:: Provided records
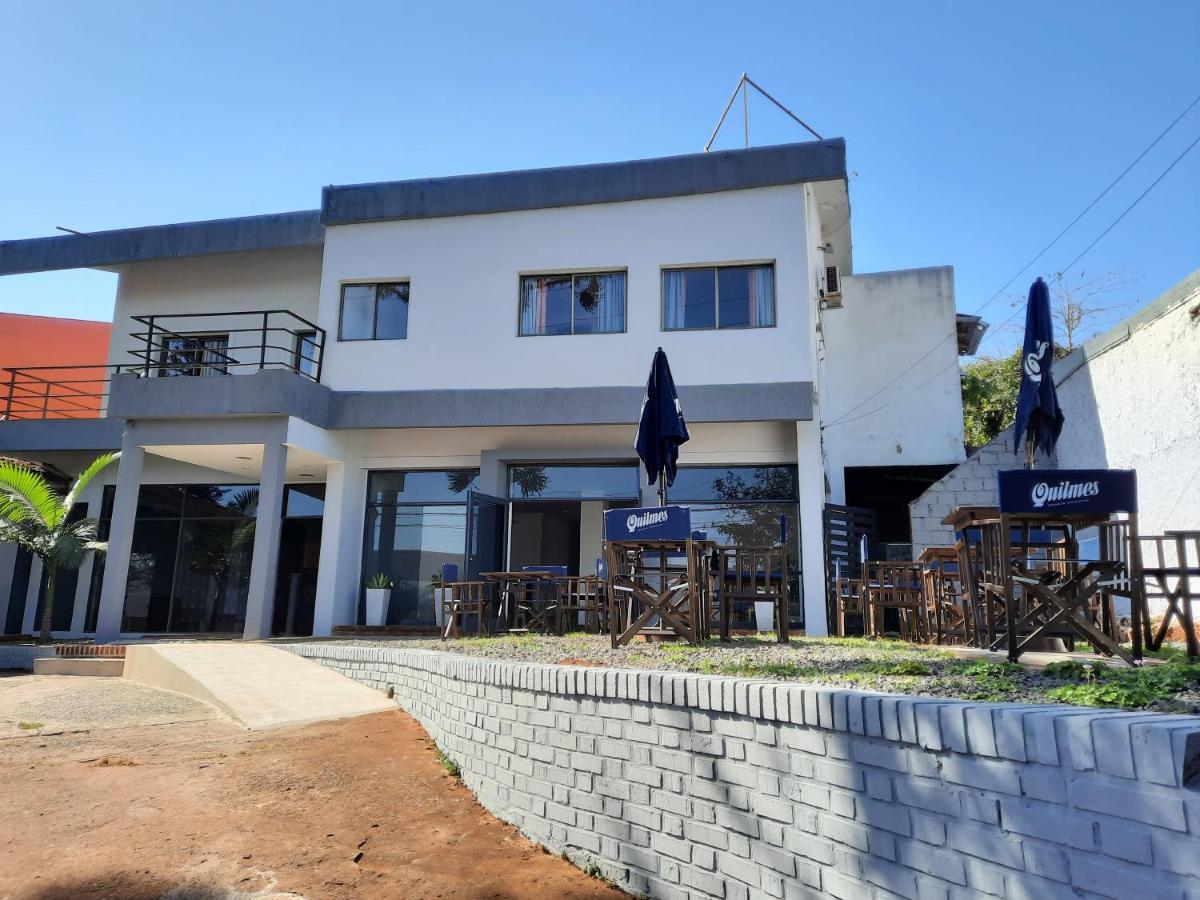 Tajy Iguazu Hotel بويرتو إجوازو المظهر الخارجي الصورة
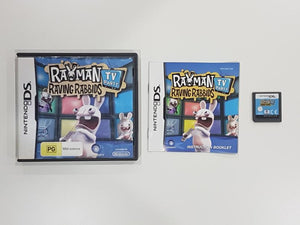 Rayman Raving Rabbids TV Party Nintendo DS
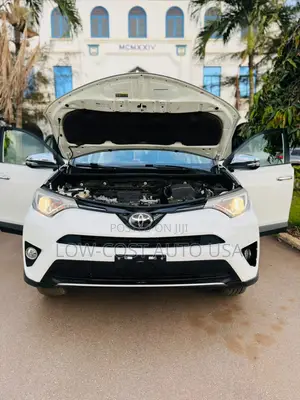 Toyota RAV4 XLE AWD (2.5L 4cyl 6A) 2017 White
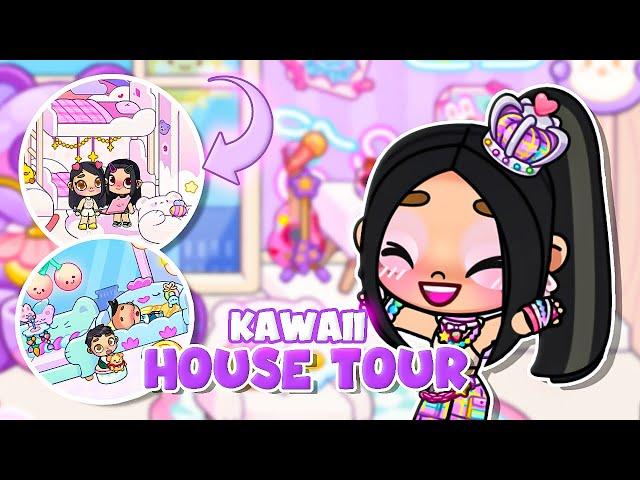 MON HOUSE TOUR KAWAII SUR AVATAR WORLD ! MISS QUEEN 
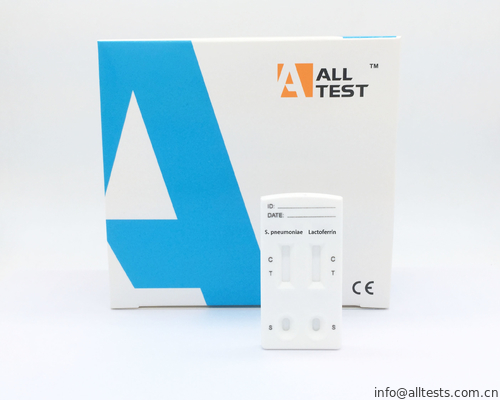 Good price 세륨을 가진 Legionella pneumophila와 연쇄상 구균 pneumoniae 급속한 시험 카세트 온라인으로
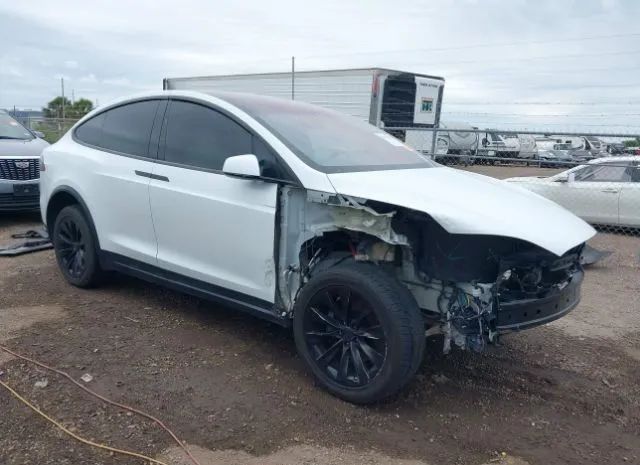 TESLA MODEL X 2018 5yjxcbe29jf087735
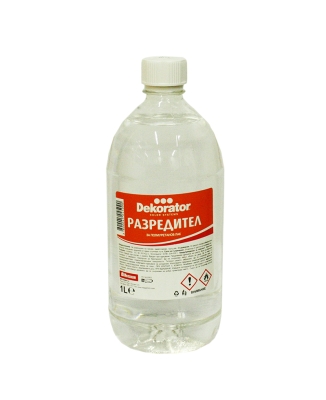 Разредител за лак ПУ 1 л. Dekorator
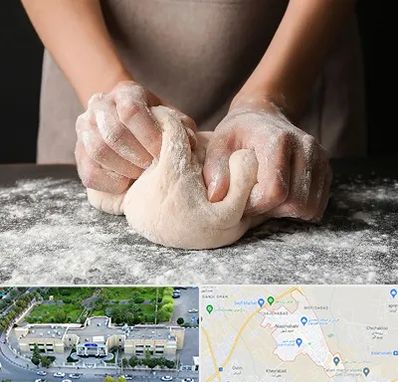 آموزشگاه پخت نان در نسیم شهر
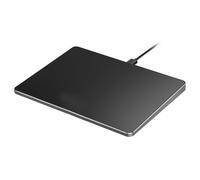 VBESTLIFE Trackpad USB con Cable para Wins 10/11, Panel Táctil con Cable de Alta Precisión con Múltiples Gestos, Ratón Táctil Portátil Ultradelgado para Computadora PC (Black)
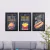 Conjunto Kit 3 Quadros Home Style
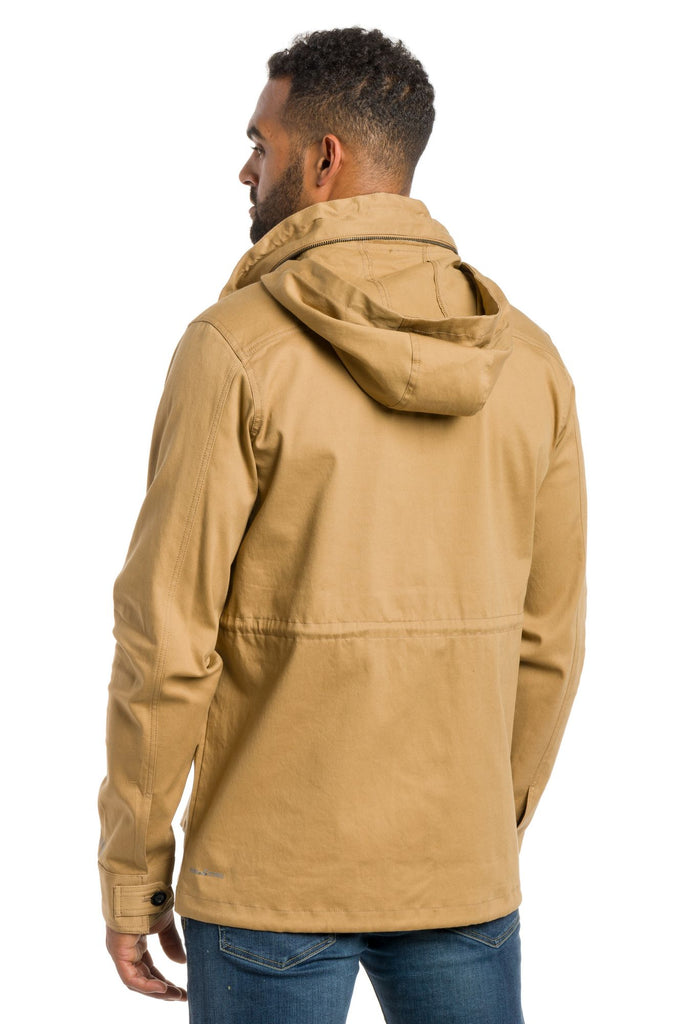 Bear | Men\'s Hooded Field Jacket – Ably Apparel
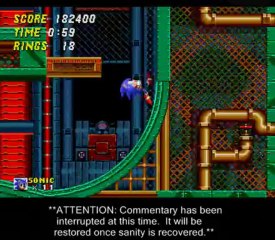 Let's Play Sonic the Hedgehog 2: LV - Part 10 - Superman, Where Are You Now...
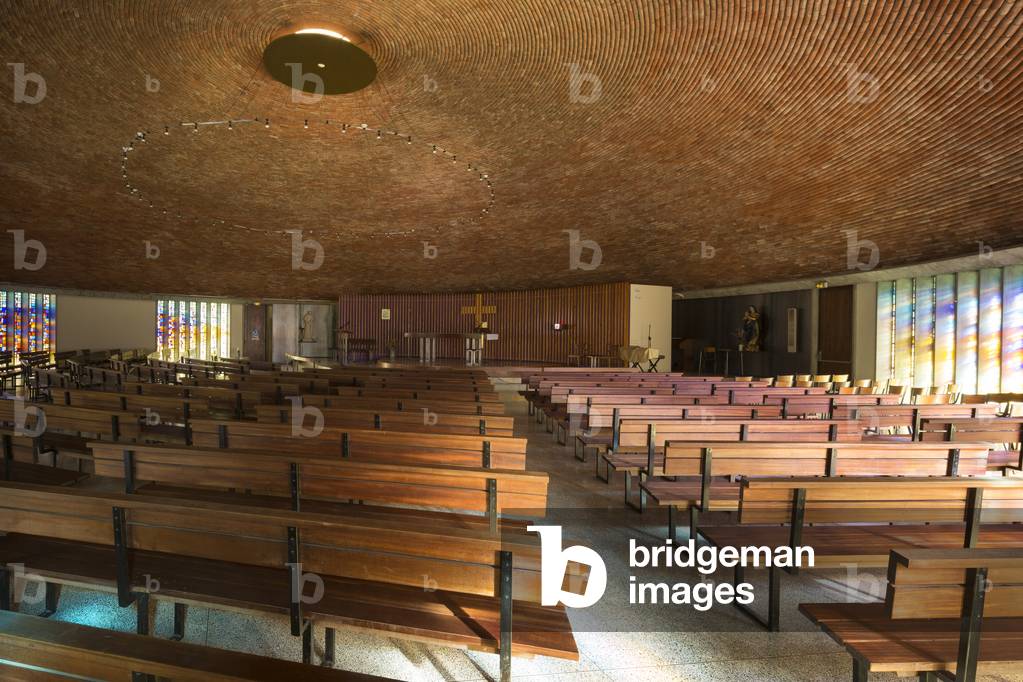 Church of Saint John Bosco, 1957, Chambery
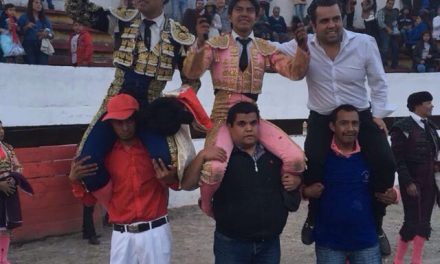 José Luis Angelino indultó a «Hijo» de San Antonio Tepetzala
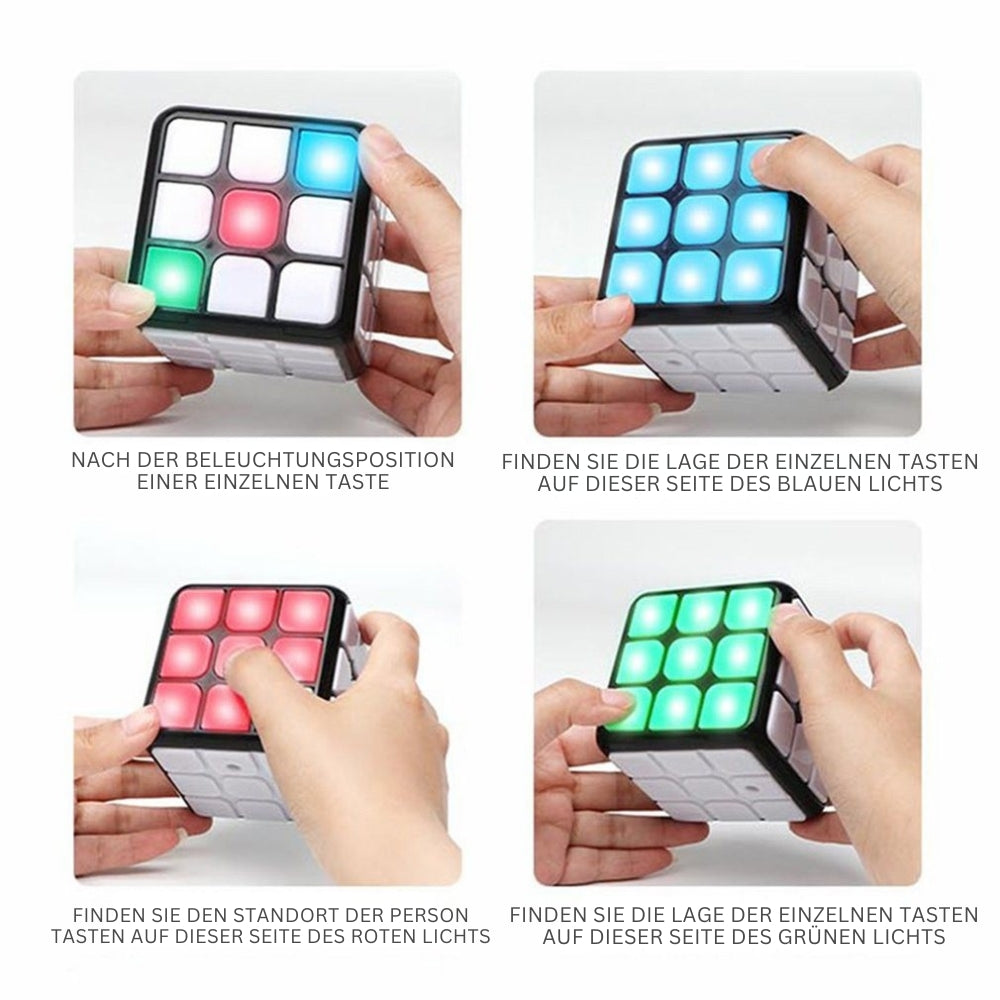 Innovative Smart Rubik's Cube for All Puzzle Fans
::::
**What the task asks:** Treat the line with "آموزشگاه پخت نان در نسیم شهر" as the start and the line with "José Luis Angelino" as the end, and return exactly that span of the data above, both ends included, without pictures.

**Output for this task:**
 آموزشگاه پخت نان در نسیم شهر
 VBESTLIFE Trackpad USB con Cable para Wins 10/11, Panel Táctil con Cable de Alta Precisión con Múltiples Gestos, Ratón Táctil Portátil Ultradelgado para Computadora PC (Black)
 Conjunto Kit 3 Quadros Home Style
 Bear | Men\'s Hooded Field Jacket – Ably Apparel
 Let's Play Sonic the Hedgehog 2: LV - Part 10 - Superman, Where Are You Now...
 Church of Saint John Bosco, 1957, Chambery
 José Luis Angelino indultó a «Hijo» de San Antonio Tepetzala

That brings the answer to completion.